U.S. District Judge James Boasberg invoked Blaise Pascal to reinforce the verdict he awarded Saima Ashraf-Hassan, a former intern coordinator at the French Embassy in the United States, this past January.

Ashraf-Hassan, who was born in Pakistan, said she endured retaliation, workplace discrimination and harassment because of her Pakistani origin, Muslim faith and pregnancy.

In the months after the 9/11 terrorist attacks, Ashraf-Hassan managed the embassy's internship program on a probationary contract.

Boasberg found that Chantal Manes, a white, non-Muslim supervisor, repeatedly asked Ashraf-Hassan why "your people are doing this," in relation to terrorism.

Details about the embassy's handling of Ashraf-Hassan's pregnancy remain disputed, but the worker says her announcement of the news in March 2002 resulted in a 40-minute lecture from Manes on family planning.

Manes "said she should not be pregnant when starting a new job," and fired Ashraf-Hassan on April 16, according to the worker's testimony.

While Manes does not dispute firing Ashraf-Hassan, she said it was because the worker lied about mentioning her pregnancy a month earlier. Manes said April 16 was the first time she brought up her pregnancy.

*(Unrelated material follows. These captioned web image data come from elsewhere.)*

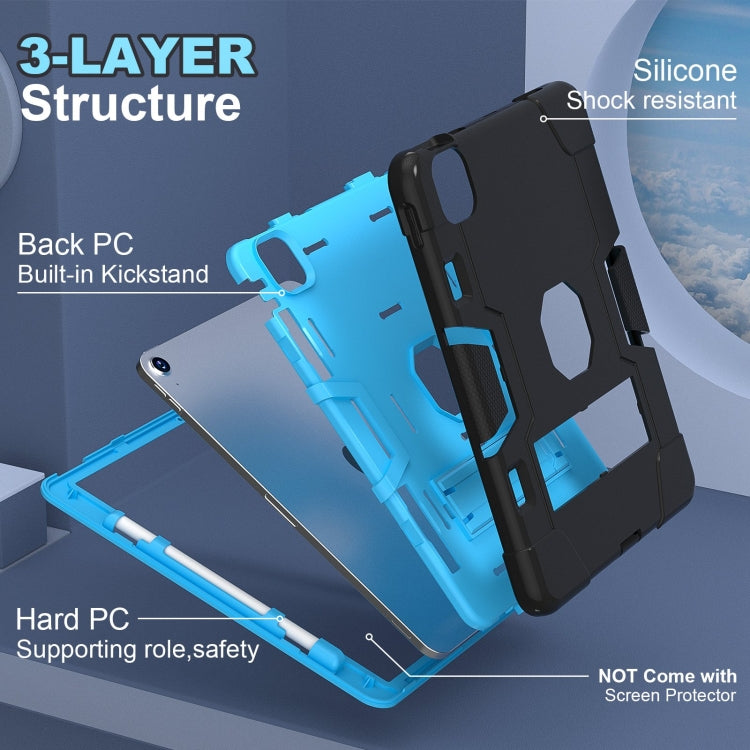 For iPad Air 11 2026 / 2025 / 2024 Contrast Color Silicone Acrylic PC Tablet Case with Holder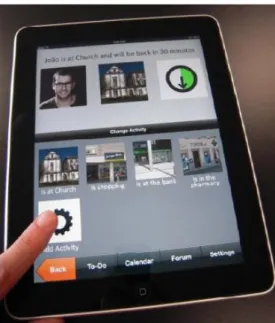 Figure 10 – The tablet application with which the caregivers interact to be able to display information on the TV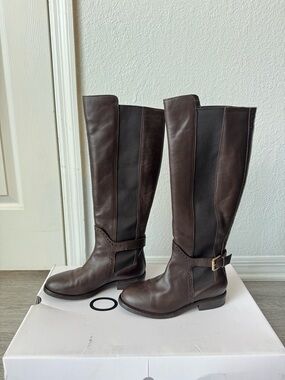 Aldo Women's Brown Leather Knee-High Riding Boots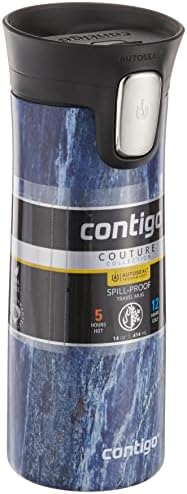 Пътна чаша Contigo Pinnacle Couture от неръждаема стомана с вакуумна изолация и непроливающейся капак, Множество кафеена чаша или бутилка за вода, не съдържа BPA, запазва напитките топли или студени в продължение на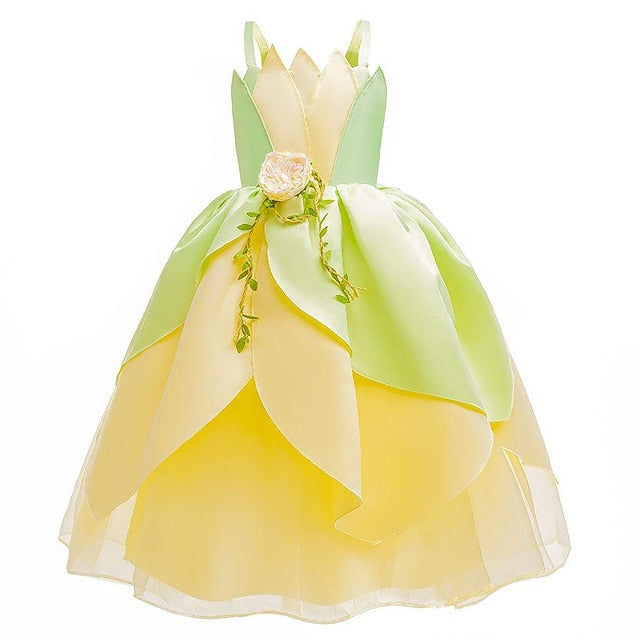 Theme Princess Flower Tinker Tiana Girl Dress Bell Fairytale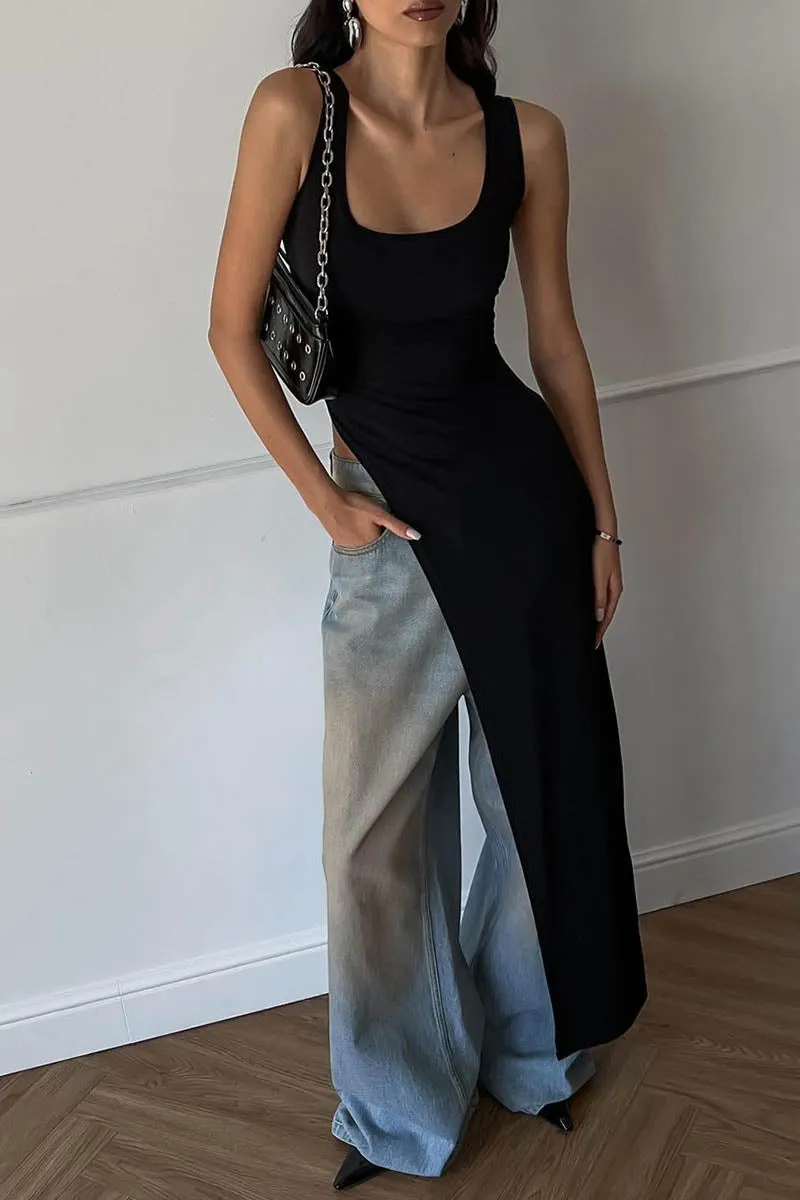 Sleek Silhouette Top with Asymmetrical Slit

Though this termination lasted just a week before the ambassador reinstated Ashraf-Hassan, the woman described other confrontations through the years.

Ashraf-Hassan claims to have overheard Manes agree when an assistant said, "Now we hire terrorists."

Shortly before Ashraf-Hassan was terminated for good, someone showed her an email in which a supervisor referred to her as "the Pashtun."

The embassy claimed that it deserved a new trial based on inconsistencies in Ashraf-Hassan's testimony but Judge Boasberg disagreed Friday.

Despite the embassy's focus on when Ashraf-Hassan announced her pregnancy, the judge said the woman "has never demonstrated great certainty about the date she discovered her pregnancy and told Manes about it."

"On the contrary, she has 'not dispute[d] that she was confused about the date ... during the course of the litigation,'" the ruling states. "As such, it is certainly not clear that she intentionally assumed one position — what defendant calls the 'April position' — and later changed that position at trial — adopting what defendant terms the 'mid-March position.'"

An attorney for Ashraf-Hassan, Katherine Atkinson with Gary M. Gilbert and Associates in Silver Spring, Md., applauded the outcome.

"Our client was pleased, but not surprised, that Judge Boasberg again concluded that whether she became pregnant in March or April 2002 was not relevant to the outcome of the trial, and that her misremembering the exact date at different points during the many years of litigation did not call into question her credibility," Atkinson said in an email.

Boasberg said the embassy is attempting to rehash arguments that failed "at or before trial."

"Because defendant has failed to identify any clear errors in the court's factual findings, and because no 'manifest injustice' or prejudice was worked on the embassy as a result of plaintiff's testimonial inconsistency, the court will deny the two post-trial Motions currently before it," the ruling states.

The embassy's attorneys — Laina Lopez with Berliner, Corcoran & Rowe, and Pierre Marie-Paul Chone — did not return emails seeking comment.